* [Exercise brief]
Locate the line that contains "What Can Clear Aligners Correct?" in the entries below, then repeat it and every following line through the line that contains "Side-by-side pictures of", exactly, and no others.

::: Data supplied :::

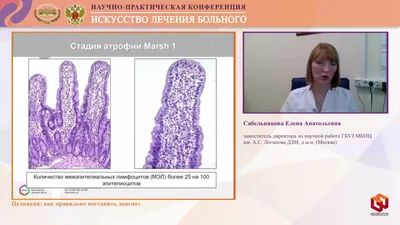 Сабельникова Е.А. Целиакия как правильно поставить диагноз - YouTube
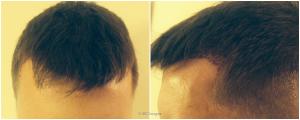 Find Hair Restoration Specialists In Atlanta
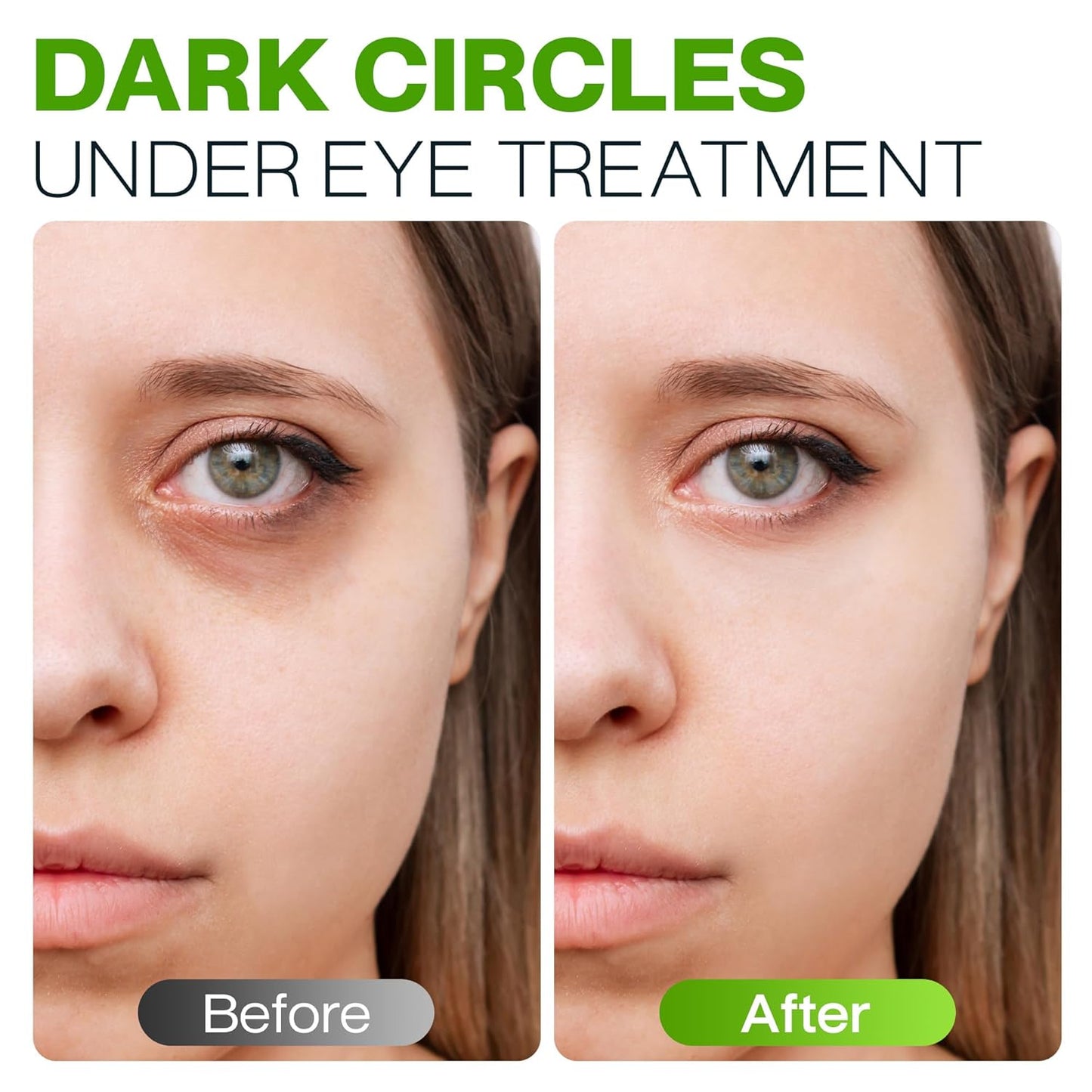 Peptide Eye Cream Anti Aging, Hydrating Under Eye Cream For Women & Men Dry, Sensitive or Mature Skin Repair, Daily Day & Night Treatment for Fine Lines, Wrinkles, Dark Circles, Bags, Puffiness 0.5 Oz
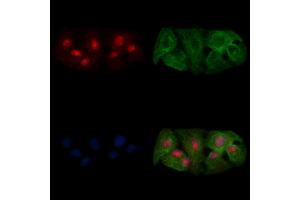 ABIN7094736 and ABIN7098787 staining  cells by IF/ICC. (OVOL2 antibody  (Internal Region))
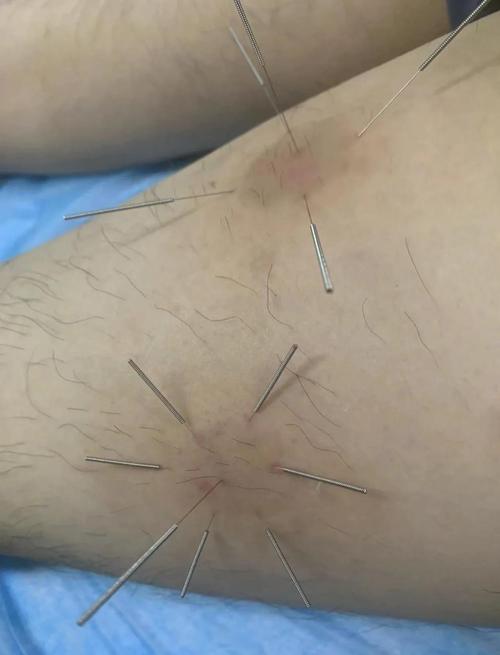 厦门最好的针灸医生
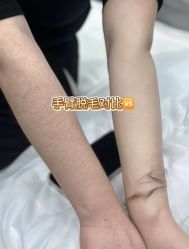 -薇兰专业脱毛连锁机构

:::
::: Data supplied :::

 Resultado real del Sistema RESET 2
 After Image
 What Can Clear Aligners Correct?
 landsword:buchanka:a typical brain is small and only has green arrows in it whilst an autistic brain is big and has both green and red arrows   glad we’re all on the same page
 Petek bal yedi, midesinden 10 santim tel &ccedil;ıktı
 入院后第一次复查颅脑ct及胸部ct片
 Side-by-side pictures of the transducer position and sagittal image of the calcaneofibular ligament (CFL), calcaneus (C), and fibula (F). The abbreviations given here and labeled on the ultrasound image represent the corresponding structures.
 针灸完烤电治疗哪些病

:::

* [Written solution]
 What Can Clear Aligners Correct?
 landsword:buchanka:a typical brain is small and only has green arrows in it whilst an autistic brain is big and has both green and red arrows   glad we’re all on the same page
 Petek bal yedi, midesinden 10 santim tel &ccedil;ıktı
 入院后第一次复查颅脑ct及胸部ct片
 Side-by-side pictures of the transducer position and sagittal image of the calcaneofibular ligament (CFL), calcaneus (C), and fibula (F). The abbreviations given here and labeled on the ultrasound image represent the corresponding structures.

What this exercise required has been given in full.